Task inputs —
= = = = = = =
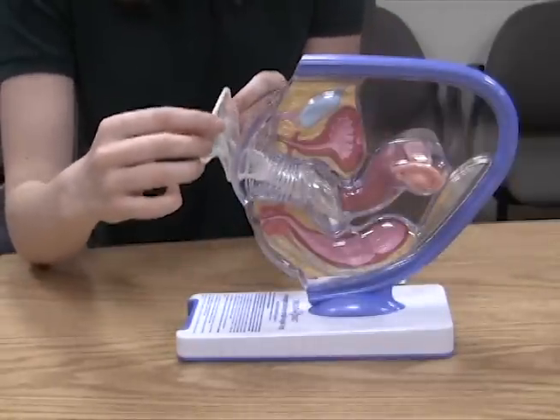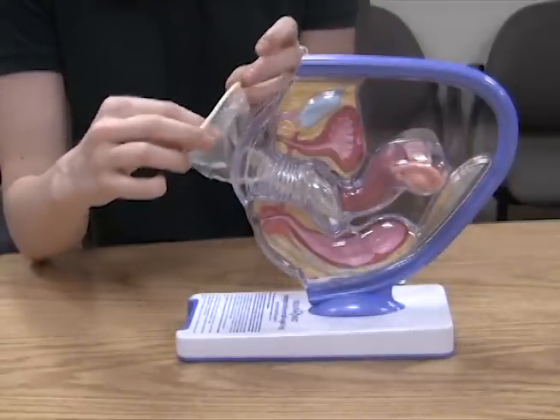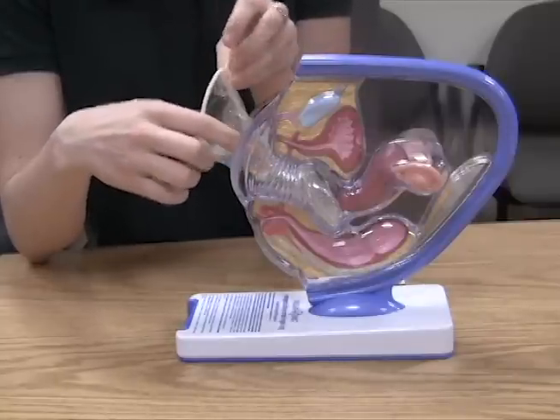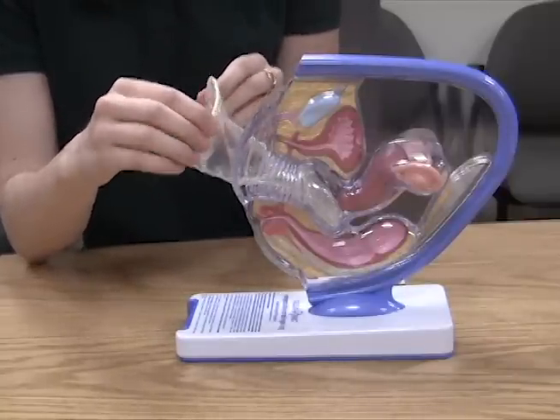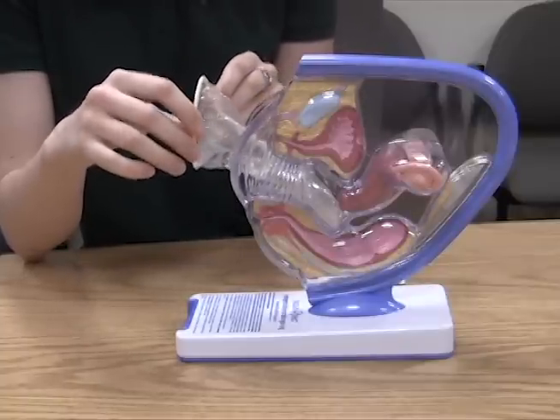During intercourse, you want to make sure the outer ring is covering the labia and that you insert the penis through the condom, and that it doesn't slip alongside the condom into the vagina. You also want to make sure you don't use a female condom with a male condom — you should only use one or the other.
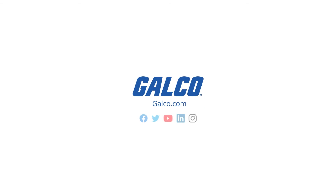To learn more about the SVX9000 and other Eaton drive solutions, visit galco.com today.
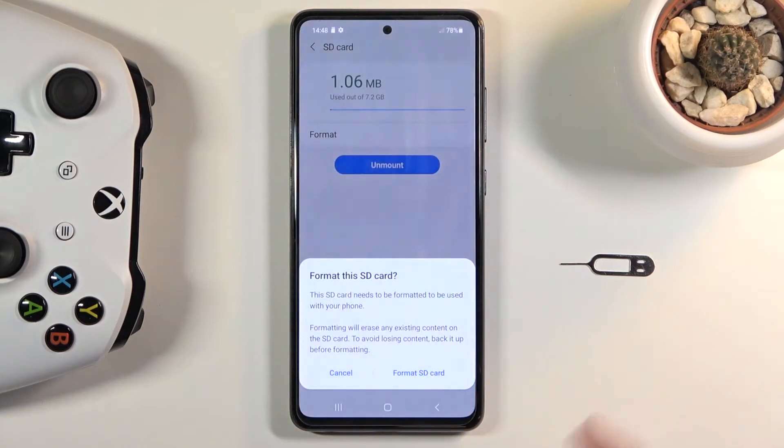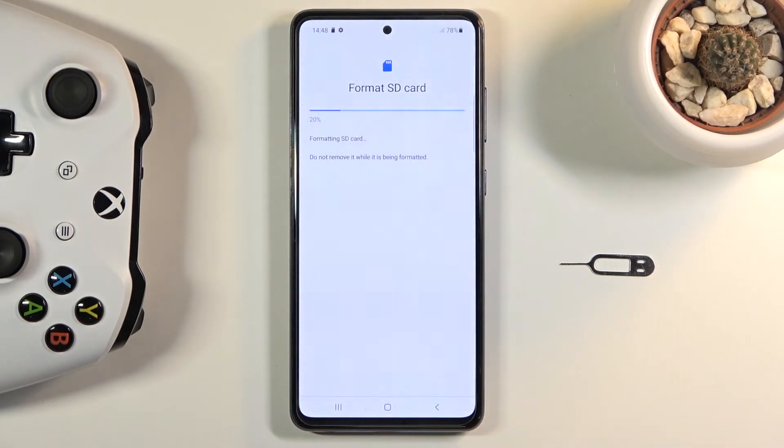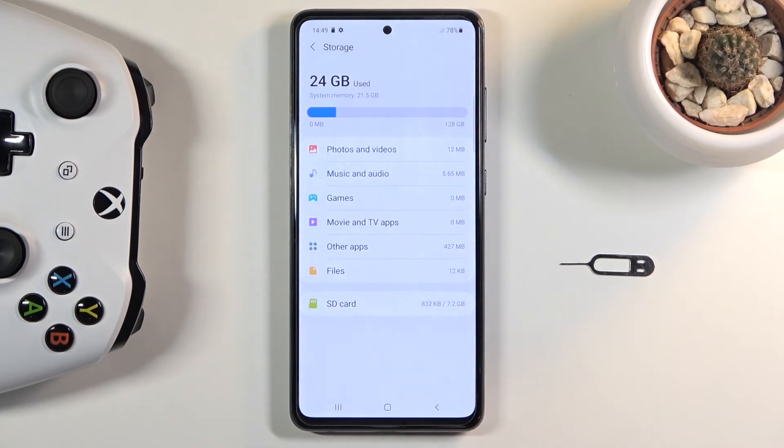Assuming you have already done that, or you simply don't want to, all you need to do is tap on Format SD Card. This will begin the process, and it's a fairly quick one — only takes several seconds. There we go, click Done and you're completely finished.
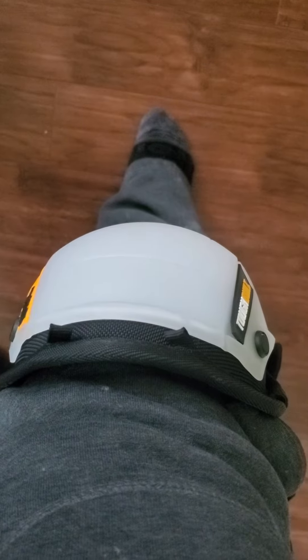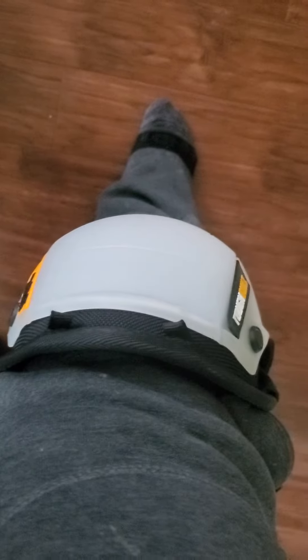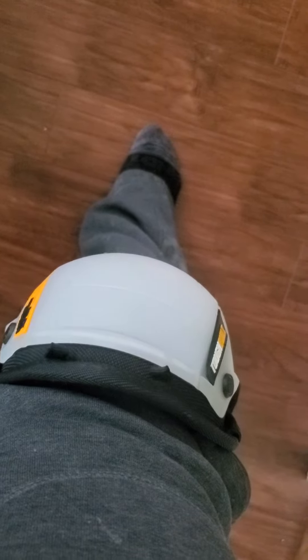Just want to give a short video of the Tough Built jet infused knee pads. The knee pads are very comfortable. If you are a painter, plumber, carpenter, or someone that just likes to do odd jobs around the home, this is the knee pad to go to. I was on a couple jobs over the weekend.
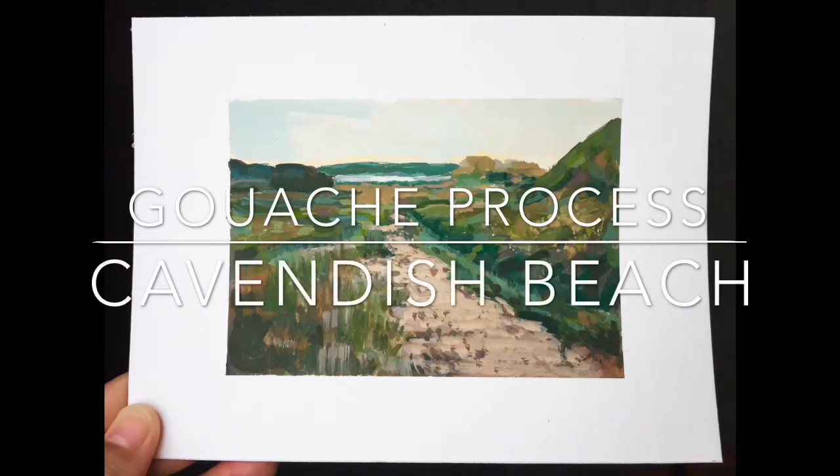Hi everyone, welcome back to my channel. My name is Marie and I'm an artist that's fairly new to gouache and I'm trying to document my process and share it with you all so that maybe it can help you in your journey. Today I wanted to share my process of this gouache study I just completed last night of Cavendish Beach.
= = = = = = =
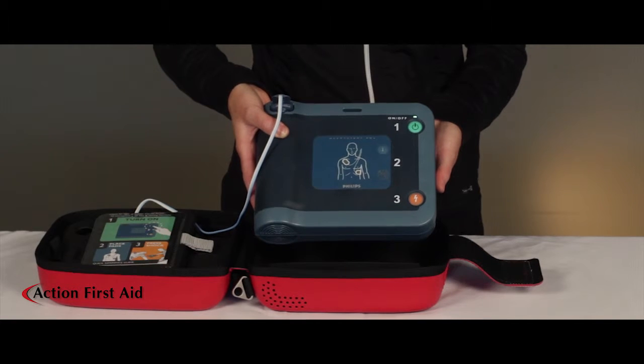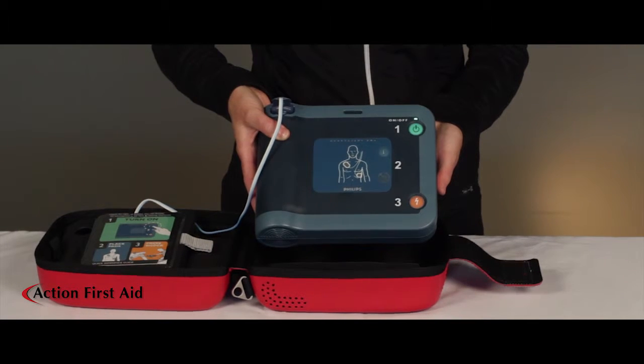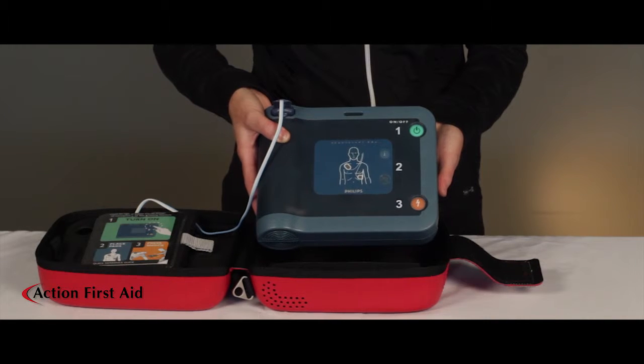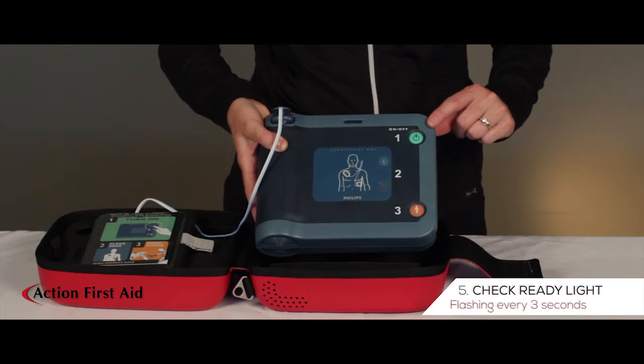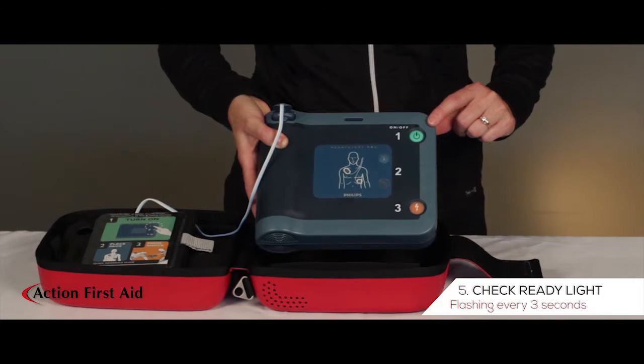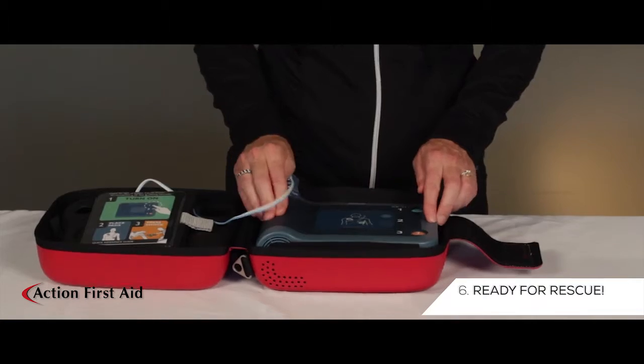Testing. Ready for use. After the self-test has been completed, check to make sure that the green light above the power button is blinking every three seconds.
= = = = = = =
How to complete this task —
Look above for the line with "During intercourse, you", then give again exactly every line from there through the line with "To learn more", skipping the pictures.

Exercise answer —
During intercourse, you want to make sure the outer ring is covering the labia and that you insert the penis through the condom, and that it doesn't slip alongside the condom into the vagina. You also want to make sure you don't use a female condom with a male condom — you should only use one or the other.
To learn more about the SVX9000 and other Eaton drive solutions, visit galco.com today.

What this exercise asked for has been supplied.